A good first Coze agent should be built like this:
1. Choose a clear and limited scenario;
2. Write a role prompt;
3. Prepare FAQ and documents;
4. Build the knowledge base;
5. Test with real questions;
6. Add a simple workflow;
7. Use plugins carefully;
8. Check costs, privacy, and human fallback before launch.
Final recommendation:
Beginners should not try to build a complex agent first. Start with a Coze FAQ assistant that can reliably answer 30 common questions, then gradually upgrade it into a knowledge base assistant, workflow assistant, and plugin-powered business agent.
18. SEO Information
SEO title: How to Build Your First AI Agent with Coze: A No-Code Beginner Guide SEO description: This beginner guide explains how to build a no-code AI agent with Coze, covering Agent creation, prompt setup, knowledge base, Workflow / Chatflow, Plugins, testing, publishing, pricing, and common mistakes. Keywords: Coze, Coze AI agent, AI Agent, no-code AI agent, Coze tutorial, Coze knowledge base, Coze Workflow, Coze Chatflow, Coze Plugin, AI customer support bot19. Data Sources and References
1. Coze official website: AI agent and AI app development platform introduction.
https://www.coze.com/
2. Coze Premium Pricing: Free, Premium Lite, Premium, Premium Plus plans and credits.

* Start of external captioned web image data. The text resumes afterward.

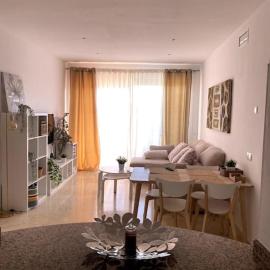 Apartamento Alma y Calma, хотел в Манилва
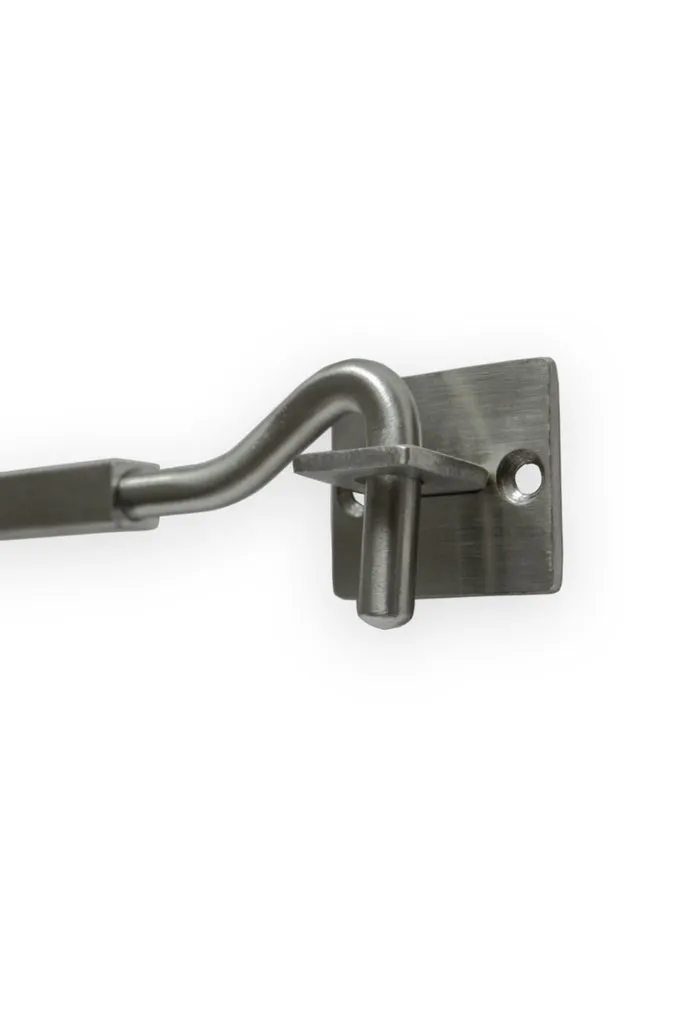 Türschließhaken, moderner Stil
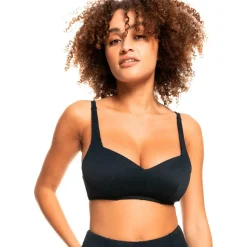 Roxy - Women's Rib Roxy Love The Sun Ray - Bikini-Top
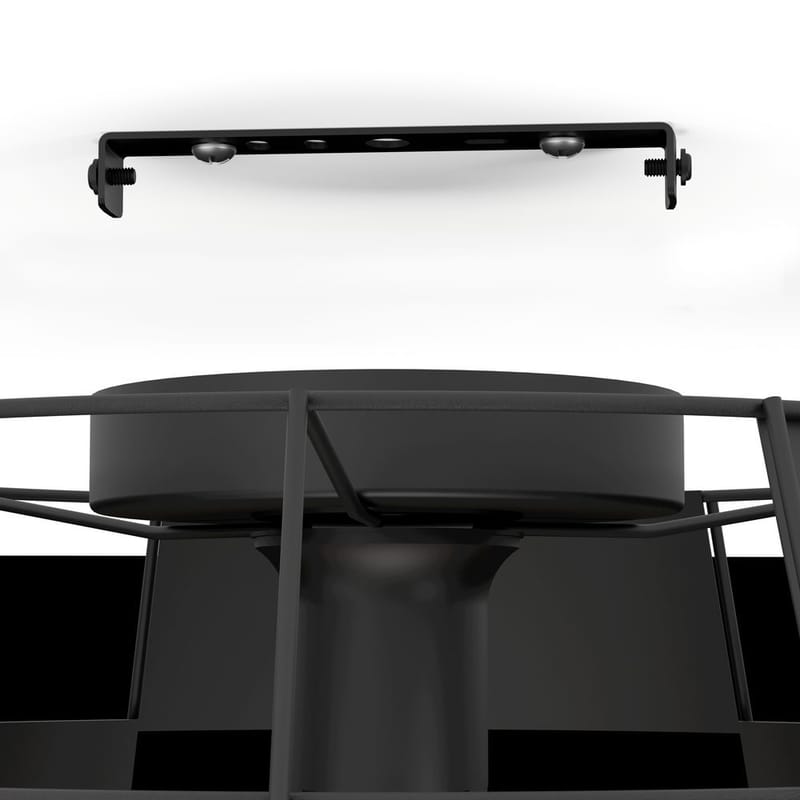 Taklampa Pontefract - 42 cm - Belysning - Inomhusbelysning & lampor - Taklampor & takbelysning - Plafond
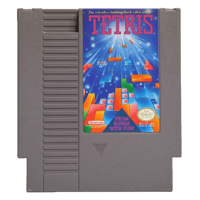 Tetris NES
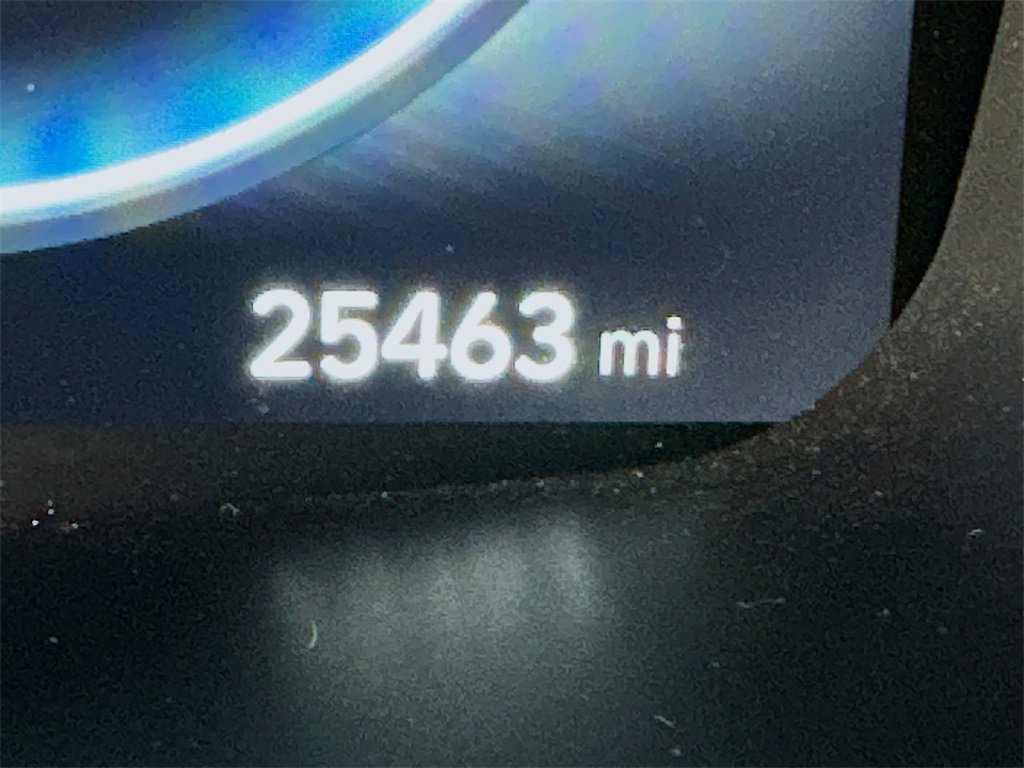 Used 2023 Hyundai Santa Fe Calligraphy image 33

https://www.coze.com/premium
3. Coze Workflow and Chatflow documentation: Workflow executes nodes sequentially to complete a function; Chatflow is a specialized workflow for conversation scenarios.
https://www.coze.com/open/docs/guides/workflow_and_chatflow
4. Coze Knowledge Base Overview: knowledge base supports uploading and storing external knowledge with retrieval capabilities.
https://www.coze.com/open/docs/guides/knowledge_overview
5. Coze Plugin Node documentation: Plugin Node invokes plugin tools in a workflow.
https://www.coze.com/open/docs/guides/plugin_node
6. Coze Credits documentation: charged official plugins may deduct credits based on plugin calls.
https://www.coze.com/open/docs/guides/message_credits
Publish-ready Summary
This article is a beginner-friendly no-code tutorial for building a first AI agent with Coze. It explains what Coze is, how AI agents differ from ordinary chatbots, and uses an “AI tool site support assistant” as a practical example. The guide walks through creating an Agent, writing prompt instructions, uploading a knowledge base, configuring Workflow / Chatflow, using Plugins, testing answers, publishing the agent, and controlling costs. The final recommendation is to start with a bounded FAQ assistant, then gradually upgrade it into a knowledge base assistant, workflow assistant, and plugin-powered business agent.